3. Innovate and inform

We will foster innovation in the design, implementation and evaluation of new techniques and programs to continue to understand what makes for effective primary prevention. New approaches will be developed for diverse communities and applied in new settings so we can better understand what works to prevent violence.

We will build on successful programs and approaches to preventing violence against women that have been developed over the last decade. We will continue to use what we’ve learned from a wide range of other successful and ongoing public health prevention initiatives as well as other social change campaigns.

We will incorporate the findings of new and emerging research evidence and program evaluations as we go. We will learn from other jurisdictions within Australia and internationally. Using this evidence and our own experience we will adapt our approach through each rolling action plan.

4. Research and evaluate 

While we have a sound evidence base for the prevention of violence against women – outlined in Change the story PDF (2.05MB) – we know less about what causes, and what works to reduce other forms of family violence including:

  • elder abuse
  • violence against people with a disability
  • adolescent violence
  • violence within LGBTI communities.

A critical aspect of this prevention strategy is an ongoing commitment to and investment in research, monitoring and evaluation. Not only will we undertake research to build knowledge about how all forms of family violence and violence against women can be prevented but we will evaluate prevention activity at a local and statewide level.

High-quality evaluations and a coordinated monitoring framework are a key priority area of this strategy. Monitoring and evaluation ensures that we are learning from our current efforts, and that our approach to prevention is consistent and coordinated across all settings.

This focus on monitoring and evaluation will help to generate high-quality violence prevention research and will position Victoria as a world leader in the field.

As a priority, we will partner with experts to build a sound research and evidence base about how to prevent all forms of family violence and violence against women, and to design and implement strategies that are consistent with emerging evidence.

5. Engage and communicate with the community 

Directly engaging the Victorian community is key to the success of this strategy. We must continue to communicate the changes we are seeing so that the community understands the value of this approach.
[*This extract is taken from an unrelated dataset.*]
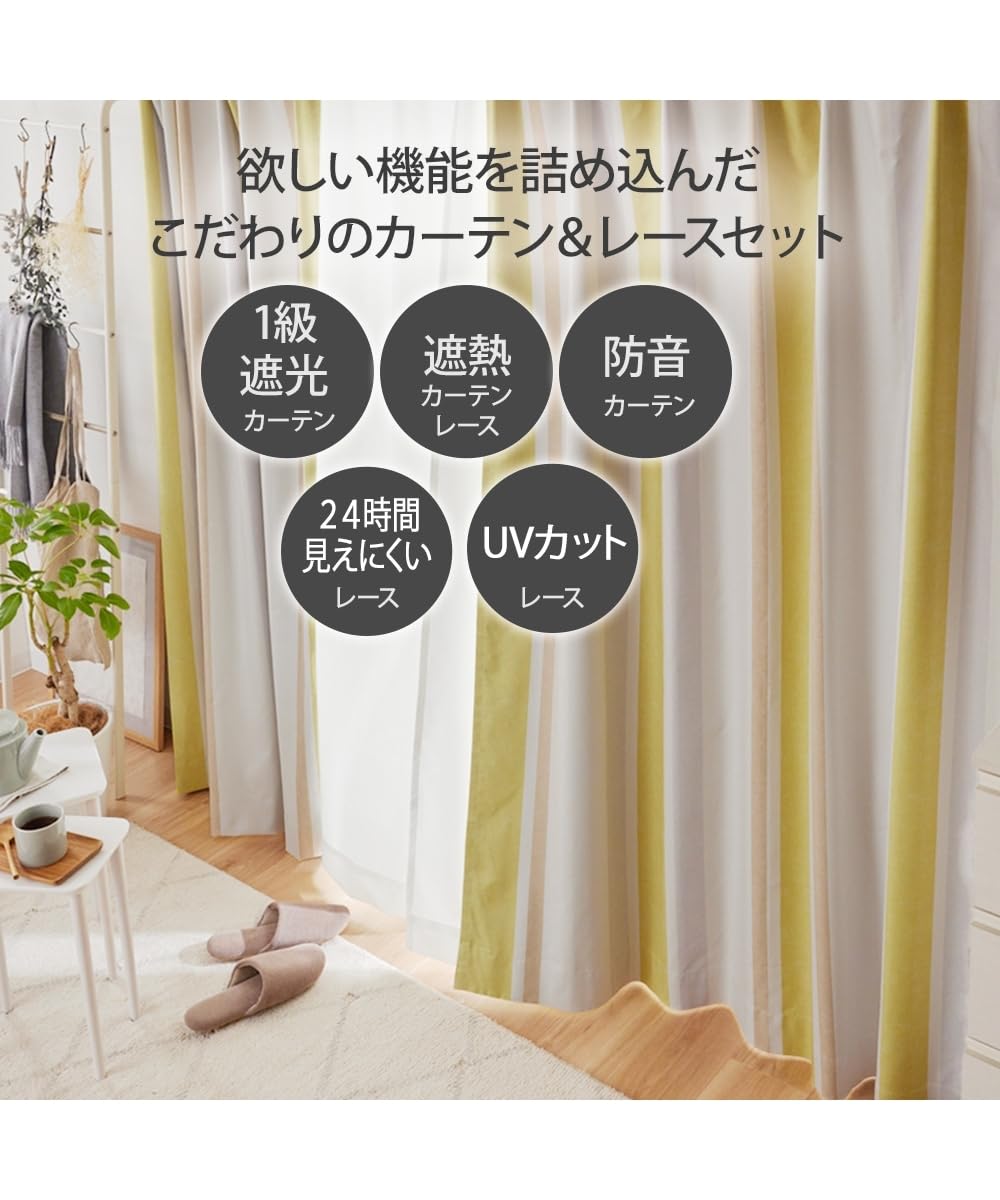 遮光1級・遮熱・遮音カーテン＆遮熱・遮像レース100×110cm 3窓分セット 遮光1級・遮熱・遮音カーテン&遮熱・遮像レース4枚セット(RP002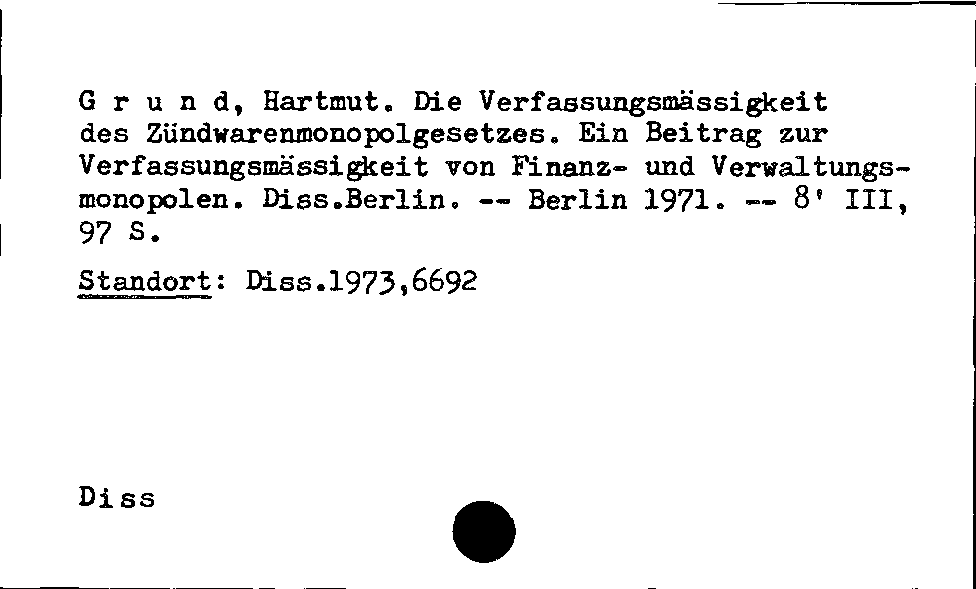 [Katalogkarte Dissertationenkatalog bis 1980]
Only with broad, ongoing community support will it be possible to create lasting change.

We will use all the communication methods available, including online and traditional media channels, as well as face-to-face forums. This should ensure messages on preventing violence reach everyone in our community, draw Victorians together to take action, and to keep Victorians informed of our progress on prevention.

What needs to be in place

There are a number of foundational elements that are crucial to the strength and successful implementation of this strategy. Without them this strategy and the activities in the 3-year rolling action plans will not achieve their full potential in reducing the prevalence of family violence and violence against women. The foundations are:

  • Prevention in universal services - We will work with a range of workplaces and workforce bodies to ensure that workplaces are key settings and advocates for prevention.
  • Dedicated and enduring funding - Historically, prevention has been underfunded. Coordinating and building the capacity of mainstream partners is critical to a truly whole-of-community approach and must be adequately resourced. 
  • Coordination and advocacy - Everyone has a role to play in preventing family violence and all forms of violence against women. To ensure a consistent approach, we will coordinate prevention activities at both state-wide and local levels.
  • Policy reform in family violence and gender equality - The success of this strategy relies on a range of policy reforms in gender equality, family violence and violence against women. In addition to policy reform, legislative changes are being made to embed gender equality in Victorian systems and structures.